- Action item -
Transcribe only the part of the material below that begins at the line containing "For RentCondoWitthayu, Chidlom, Langsuan, Ploenchit" and ends at the line containing "151 Buckingham Drive", with both kept and images left out.

- Exercise data -
----------

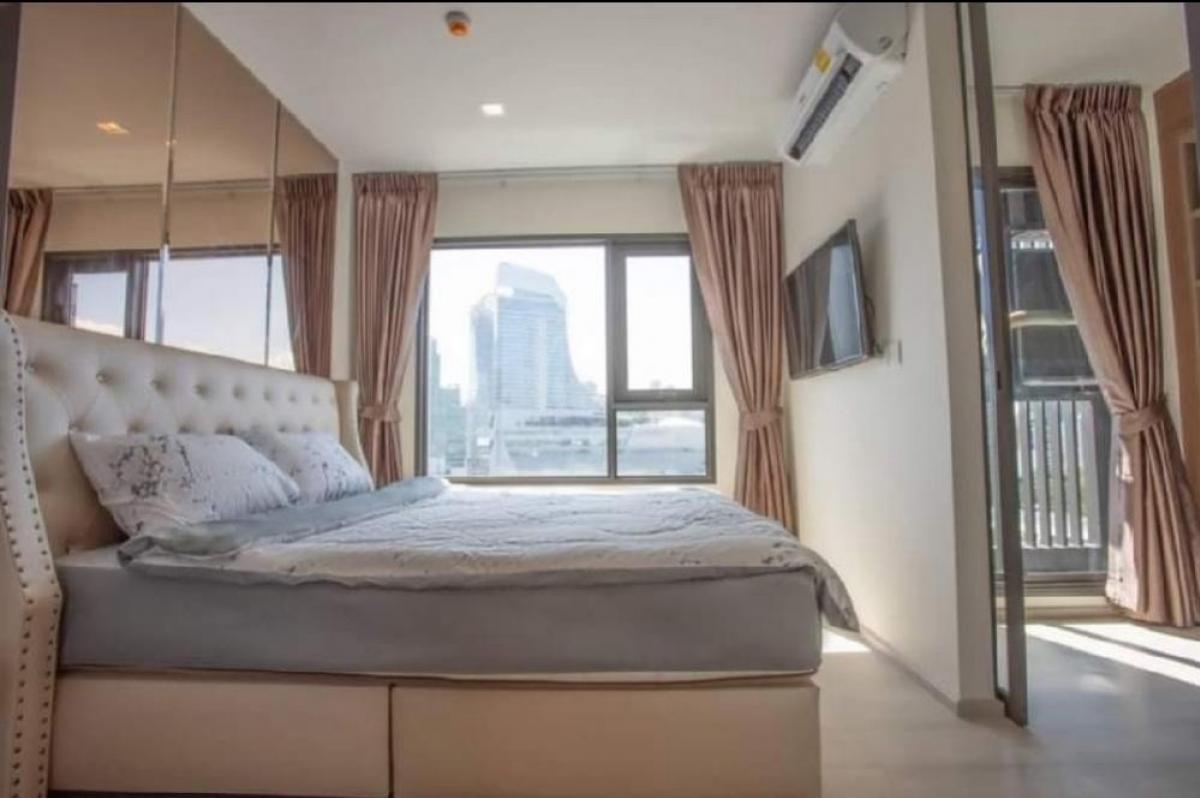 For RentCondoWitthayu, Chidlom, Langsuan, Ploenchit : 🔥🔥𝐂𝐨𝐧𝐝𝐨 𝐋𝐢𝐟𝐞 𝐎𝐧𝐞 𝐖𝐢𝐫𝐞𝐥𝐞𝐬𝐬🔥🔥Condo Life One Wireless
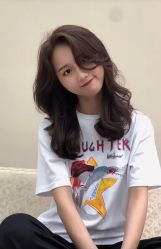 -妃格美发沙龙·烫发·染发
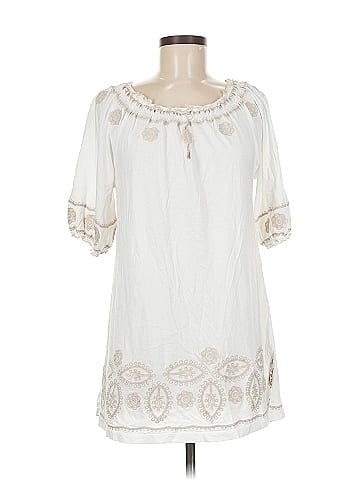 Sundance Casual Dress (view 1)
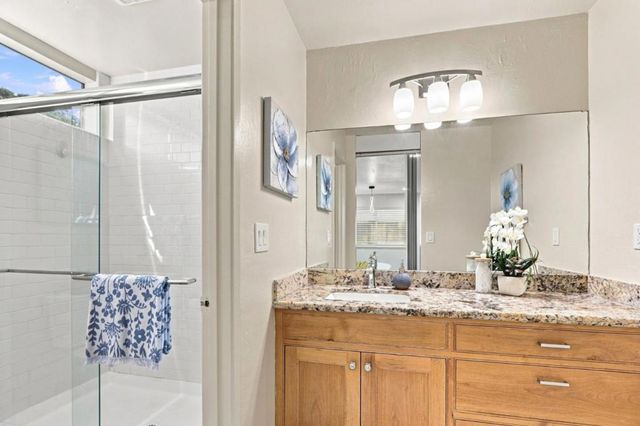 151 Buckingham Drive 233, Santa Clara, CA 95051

----------

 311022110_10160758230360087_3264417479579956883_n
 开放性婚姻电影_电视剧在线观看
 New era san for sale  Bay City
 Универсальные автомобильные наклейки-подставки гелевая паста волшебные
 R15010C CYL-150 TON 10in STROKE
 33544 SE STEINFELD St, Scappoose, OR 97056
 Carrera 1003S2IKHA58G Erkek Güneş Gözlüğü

----------

- Exercise answer -
 For RentCondoWitthayu, Chidlom, Langsuan, Ploenchit : 🔥🔥𝐂𝐨𝐧𝐝𝐨 𝐋𝐢𝐟𝐞 𝐎𝐧𝐞 𝐖𝐢𝐫𝐞𝐥𝐞𝐬𝐬🔥🔥Condo Life One Wireless
 -妃格美发沙龙·烫发·染发
 Sundance Casual Dress (view 1)
 151 Buckingham Drive 233, Santa Clara, CA 95051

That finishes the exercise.